What better place to signal the start of the road to Tynecastle Park than the monument which honours those Hearts players and people of Edinburgh who fell in World War One and the Second World War, built and paid for by the club and supporters in 1922?

Across the past week, Halliday and a team of volunteers, including Hearts legend Gary Mackay have put in significant hours to undertake the work. At the base of the memorial, three different types of stone, granite, caithness and sandstone, have been used with a story that winds around the monument, plus powerful quotations and the Heart of Midlothian club crest which a couple of Hearts fans in the area helped put into place.
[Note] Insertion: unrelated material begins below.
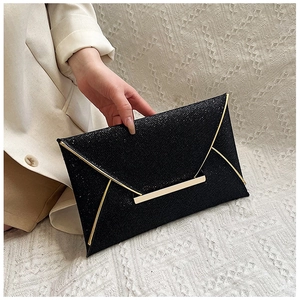 Détail d'une pochette de soirée à paillettes noires avec barre dorée tenue à la main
There were a few awkward moments, including when Halliday almost had a "heart attack" when six pallets of stone were delivered at rush hour last Friday morning, the truck stopping beside the memorial.

"There have been various visitors," he said. "Ann Budge visited. On Saturday, you couldn't move for cakes and biscuits. People have been great, the amount of fans coming by asking about it, even tourists asking about it.

"We were kind of moaning over the weekend about the aches and pains and went, 'You know what? I know it has been a challenge doing a job in the middle of an island on a busy road and all the rest of it but ultimately it was nothing like the challenge McCrae's Battalion faced'." 

Next Saturday, before fans make the march to Tynecastle, should take a moment to reflect on such a significant time in history at one of the most important monuments in the club's history and appreciate all the work that has gone into helping restore its dignity as a significant place of remembrance.

Meanwhile, the European Suite at Tynecastle Park hosts The Royal Scots Regimental Museum Outreach Exhibition which runs daily between 10am and 4.30pm until Wednesday, June 10. Admission is free.

Visitors will be able to see and experience:

  • The story of McCrae’s Battalion (the 16th Battalion, The Royal Scots) and the connection between The Royal Scots and Heart of Midlothian FC, the first Club footballers in the UK to volunteer to fight for their country at the outbreak of World War 1.

  • The Campaigns of the Regiment since 1914, including The Somme (1916) and Kohima (1944) illustrated through a series of Soldiers’ Stories.

  • The importance of sport and team-work in the Army, illustrated through the international sporting success of professional soldiers and the Regiment’s long-standing links to professional football in Edinburgh.